# What you are asked to do:
When you reach the records below, output every one exactly as written but leave out any pictures.

[Short descriptive text snippets]
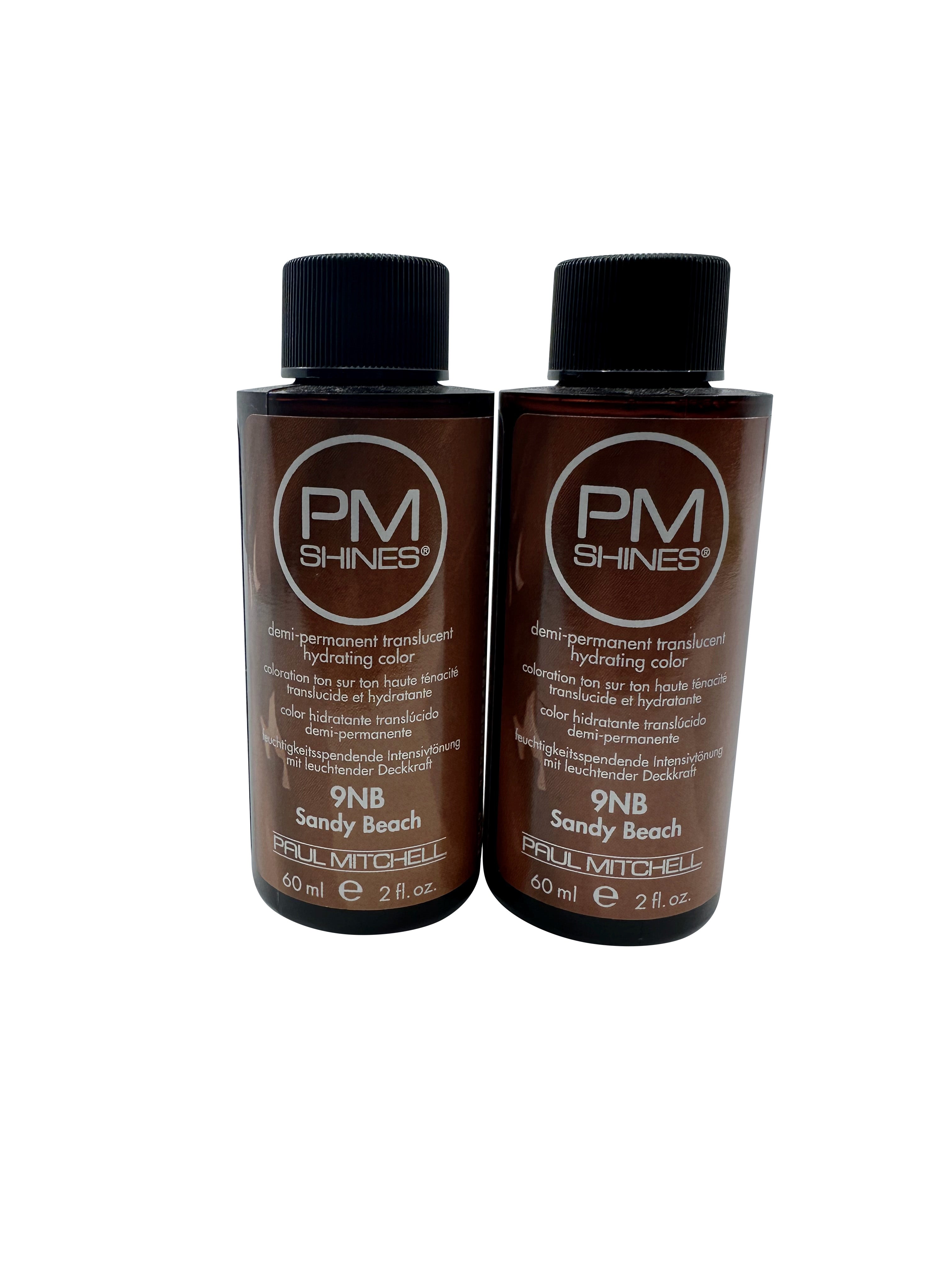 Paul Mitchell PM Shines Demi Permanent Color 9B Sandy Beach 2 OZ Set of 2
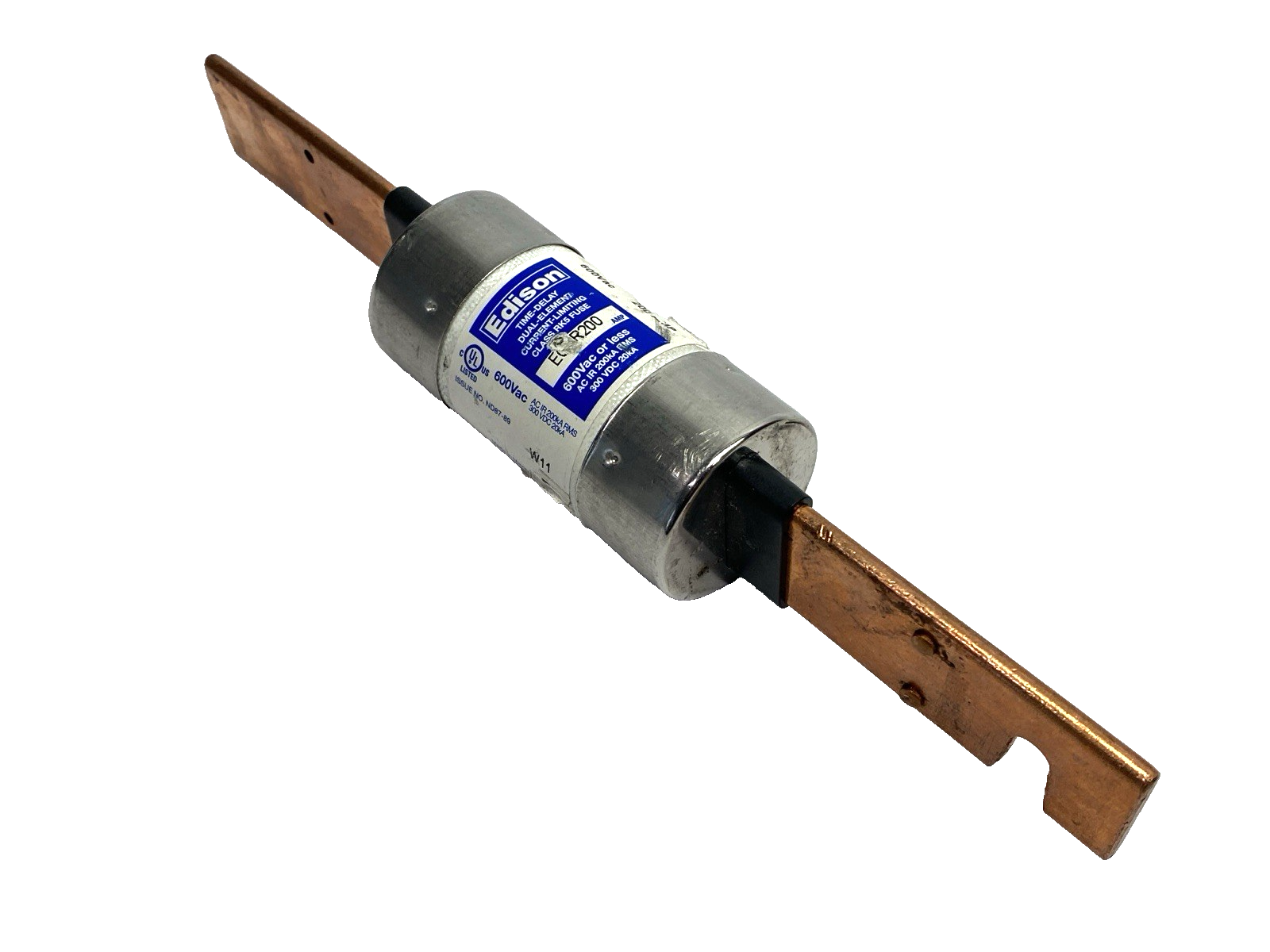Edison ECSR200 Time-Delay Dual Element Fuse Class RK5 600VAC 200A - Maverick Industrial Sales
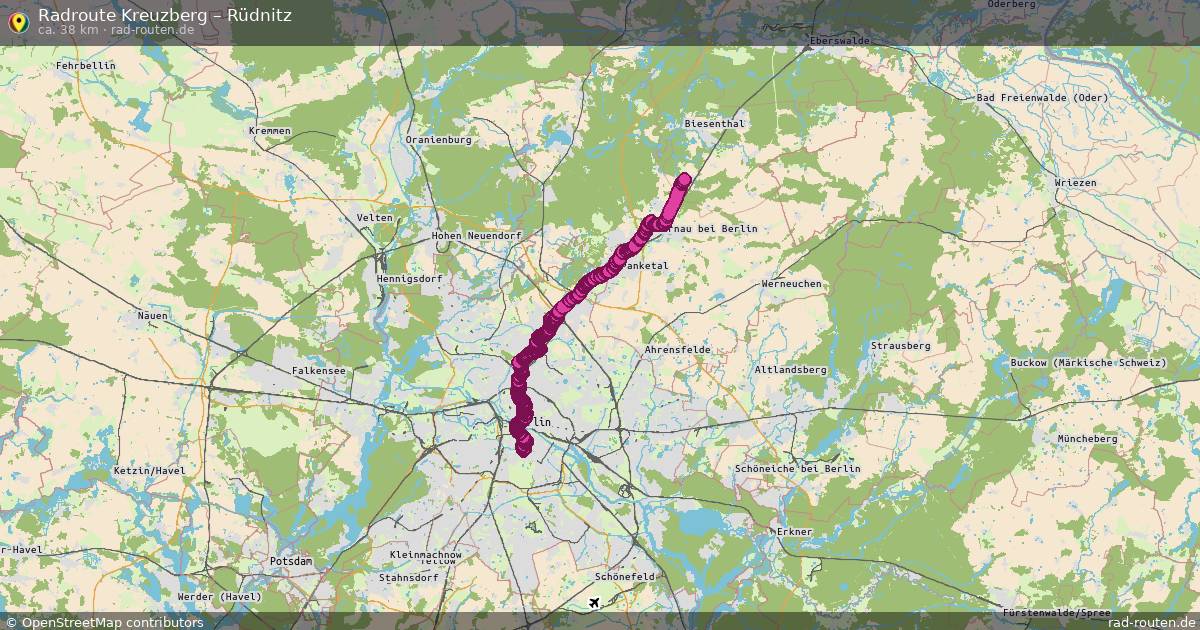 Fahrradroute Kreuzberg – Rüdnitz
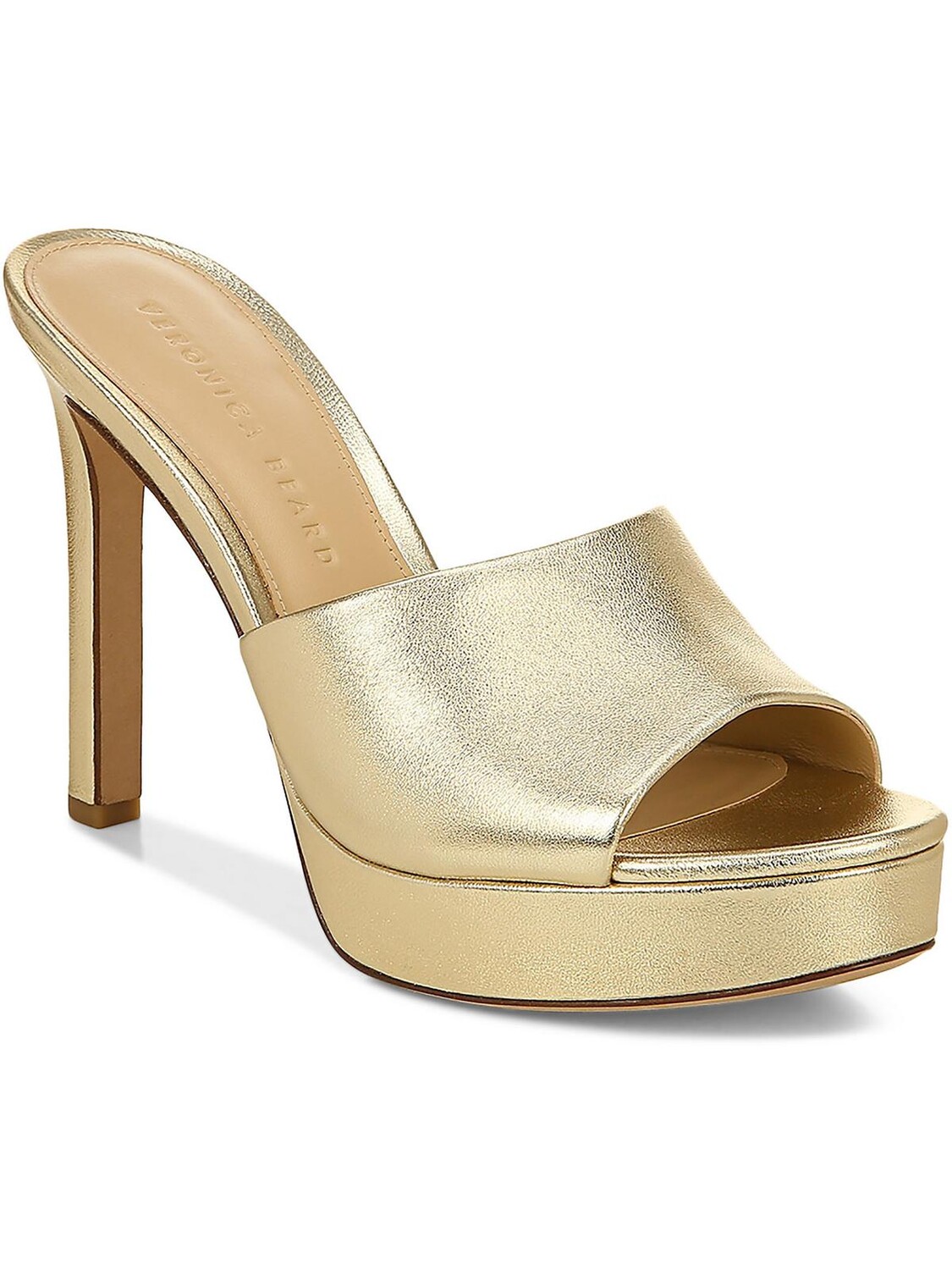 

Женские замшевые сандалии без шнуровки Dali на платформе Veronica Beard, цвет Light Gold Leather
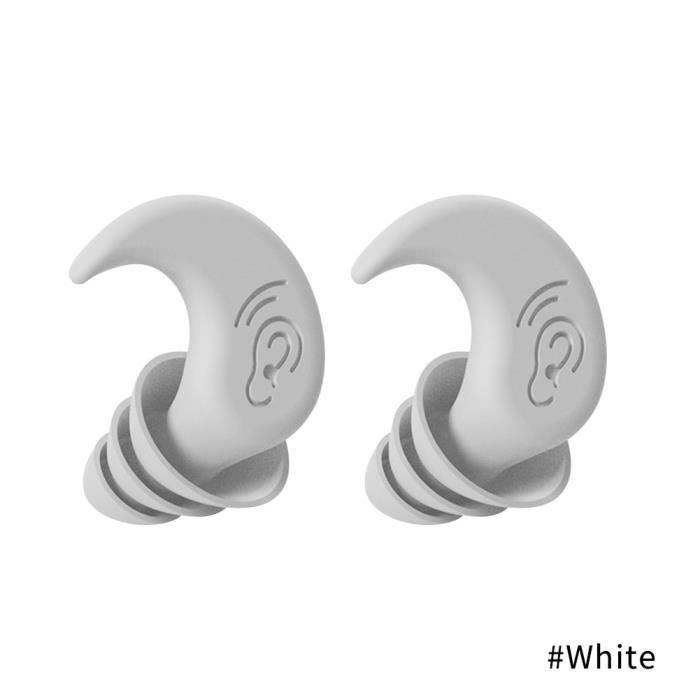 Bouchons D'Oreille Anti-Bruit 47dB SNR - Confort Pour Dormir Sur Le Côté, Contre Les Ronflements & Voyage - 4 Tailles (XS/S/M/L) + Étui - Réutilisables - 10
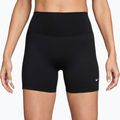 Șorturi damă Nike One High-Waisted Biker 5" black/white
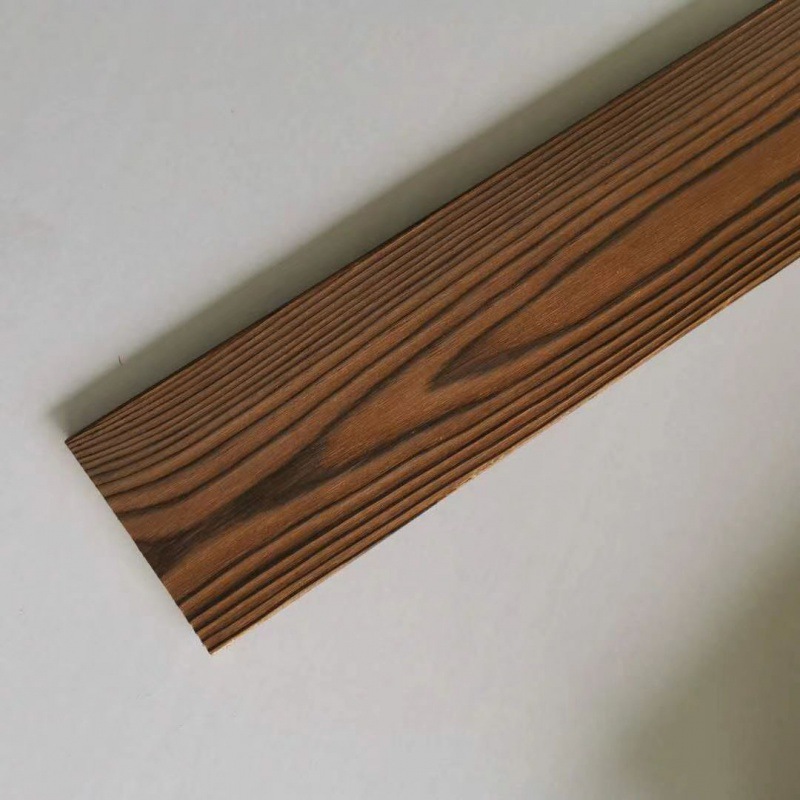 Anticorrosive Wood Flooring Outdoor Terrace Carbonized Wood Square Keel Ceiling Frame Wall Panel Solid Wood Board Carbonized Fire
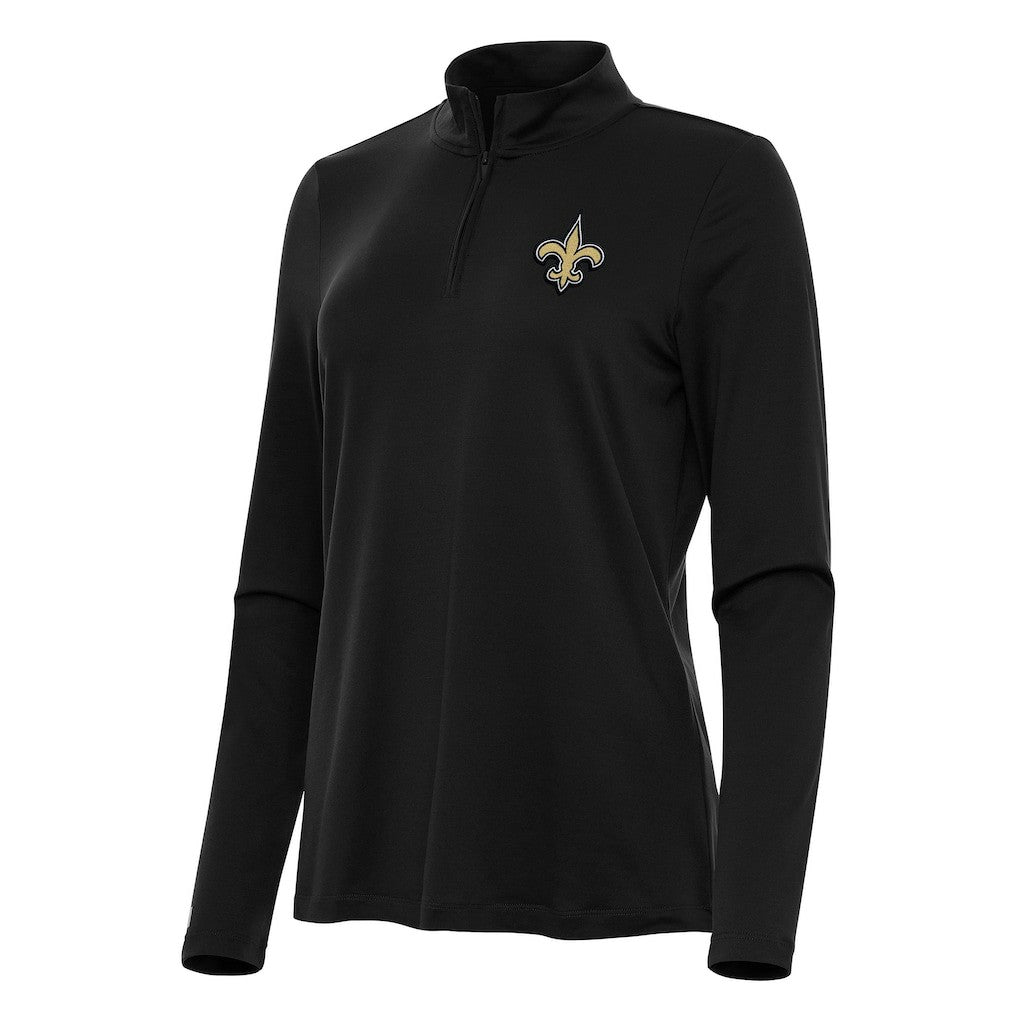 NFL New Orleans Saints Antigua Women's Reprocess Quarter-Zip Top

# Completed task:
 Paul Mitchell PM Shines Demi Permanent Color 9B Sandy Beach 2 OZ Set of 2
Edison ECSR200 Time-Delay Dual Element Fuse Class RK5 600VAC 200A - Maverick Industrial Sales
 Fahrradroute Kreuzberg – Rüdnitz

Женские замшевые сандалии без шнуровки Dali на платформе Veronica Beard, цвет Light Gold Leather
 Bouchons D'Oreille Anti-Bruit 47dB SNR - Confort Pour Dormir Sur Le Côté, Contre Les Ronflements & Voyage - 4 Tailles (XS/S/M/L) + Étui - Réutilisables - 10
 Șorturi damă Nike One High-Waisted Biker 5" black/white
 Anticorrosive Wood Flooring Outdoor Terrace Carbonized Wood Square Keel Ceiling Frame Wall Panel Solid Wood Board Carbonized Fire
 NFL New Orleans Saints Antigua Women's Reprocess Quarter-Zip Top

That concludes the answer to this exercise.